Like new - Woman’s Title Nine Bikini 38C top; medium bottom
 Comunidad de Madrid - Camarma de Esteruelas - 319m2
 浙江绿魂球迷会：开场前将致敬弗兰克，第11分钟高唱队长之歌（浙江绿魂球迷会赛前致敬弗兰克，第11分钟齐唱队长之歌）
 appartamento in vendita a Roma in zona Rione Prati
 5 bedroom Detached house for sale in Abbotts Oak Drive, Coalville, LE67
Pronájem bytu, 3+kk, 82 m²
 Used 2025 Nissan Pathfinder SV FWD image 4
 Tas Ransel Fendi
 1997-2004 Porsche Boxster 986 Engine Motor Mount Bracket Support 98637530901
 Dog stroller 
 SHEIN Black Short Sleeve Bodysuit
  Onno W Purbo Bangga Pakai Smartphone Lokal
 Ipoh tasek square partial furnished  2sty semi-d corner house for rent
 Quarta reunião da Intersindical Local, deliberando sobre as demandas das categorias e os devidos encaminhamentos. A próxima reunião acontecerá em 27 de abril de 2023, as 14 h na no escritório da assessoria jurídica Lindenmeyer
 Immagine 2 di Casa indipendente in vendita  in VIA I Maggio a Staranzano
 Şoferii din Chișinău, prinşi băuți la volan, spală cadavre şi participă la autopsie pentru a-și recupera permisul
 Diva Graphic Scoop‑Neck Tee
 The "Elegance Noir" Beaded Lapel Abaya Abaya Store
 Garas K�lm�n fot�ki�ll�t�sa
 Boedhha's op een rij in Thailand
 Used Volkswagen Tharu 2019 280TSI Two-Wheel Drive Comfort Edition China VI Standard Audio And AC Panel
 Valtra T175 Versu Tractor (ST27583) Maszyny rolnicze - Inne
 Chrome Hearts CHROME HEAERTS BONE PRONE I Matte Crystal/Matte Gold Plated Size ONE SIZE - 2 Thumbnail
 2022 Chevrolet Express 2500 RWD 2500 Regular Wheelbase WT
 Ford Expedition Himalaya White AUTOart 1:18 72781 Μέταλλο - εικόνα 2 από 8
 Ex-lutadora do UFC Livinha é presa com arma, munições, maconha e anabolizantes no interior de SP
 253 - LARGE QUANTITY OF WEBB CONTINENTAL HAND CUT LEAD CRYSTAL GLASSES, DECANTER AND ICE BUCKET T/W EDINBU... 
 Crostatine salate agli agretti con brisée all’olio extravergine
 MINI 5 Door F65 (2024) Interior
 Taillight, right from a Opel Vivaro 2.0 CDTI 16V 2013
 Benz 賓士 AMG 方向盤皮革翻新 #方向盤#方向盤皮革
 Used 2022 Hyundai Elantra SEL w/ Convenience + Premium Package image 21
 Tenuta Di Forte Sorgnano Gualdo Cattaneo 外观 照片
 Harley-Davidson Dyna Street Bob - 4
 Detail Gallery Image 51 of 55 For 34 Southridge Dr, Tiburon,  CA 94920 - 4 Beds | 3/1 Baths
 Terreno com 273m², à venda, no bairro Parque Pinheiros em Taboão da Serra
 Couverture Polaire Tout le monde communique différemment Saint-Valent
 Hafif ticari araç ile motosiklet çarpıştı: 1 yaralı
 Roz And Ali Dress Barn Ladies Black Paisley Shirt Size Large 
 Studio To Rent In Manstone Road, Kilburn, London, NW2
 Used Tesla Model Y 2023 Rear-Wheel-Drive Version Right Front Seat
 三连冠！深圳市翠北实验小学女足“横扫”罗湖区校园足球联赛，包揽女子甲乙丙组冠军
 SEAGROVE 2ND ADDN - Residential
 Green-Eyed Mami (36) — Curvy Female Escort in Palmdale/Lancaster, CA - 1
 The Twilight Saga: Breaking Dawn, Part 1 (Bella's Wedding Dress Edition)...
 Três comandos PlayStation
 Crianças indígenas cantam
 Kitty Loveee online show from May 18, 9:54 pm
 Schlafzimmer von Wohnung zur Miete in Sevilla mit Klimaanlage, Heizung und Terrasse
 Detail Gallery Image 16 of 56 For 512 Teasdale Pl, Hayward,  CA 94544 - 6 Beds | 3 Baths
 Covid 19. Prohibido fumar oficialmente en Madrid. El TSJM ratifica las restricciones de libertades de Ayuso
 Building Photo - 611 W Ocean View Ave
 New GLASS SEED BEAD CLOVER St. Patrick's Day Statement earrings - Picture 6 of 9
━━━━━━━━
* WHAT YOU HAVE TO DO
Please retype the data exactly as it stands, from its first line down to the line that contains "SHEIN Black Short Sleeve Bodysuit", then stop.

* RESPONSE TO THIS TASK
Like new - Woman’s Title Nine Bikini 38C top; medium bottom
 Comunidad de Madrid - Camarma de Esteruelas - 319m2
 浙江绿魂球迷会：开场前将致敬弗兰克，第11分钟高唱队长之歌（浙江绿魂球迷会赛前致敬弗兰克，第11分钟齐唱队长之歌）
 appartamento in vendita a Roma in zona Rione Prati
 5 bedroom Detached house for sale in Abbotts Oak Drive, Coalville, LE67
Pronájem bytu, 3+kk, 82 m²
 Used 2025 Nissan Pathfinder SV FWD image 4
 Tas Ransel Fendi
 1997-2004 Porsche Boxster 986 Engine Motor Mount Bracket Support 98637530901
 Dog stroller 
 SHEIN Black Short Sleeve Bodysuit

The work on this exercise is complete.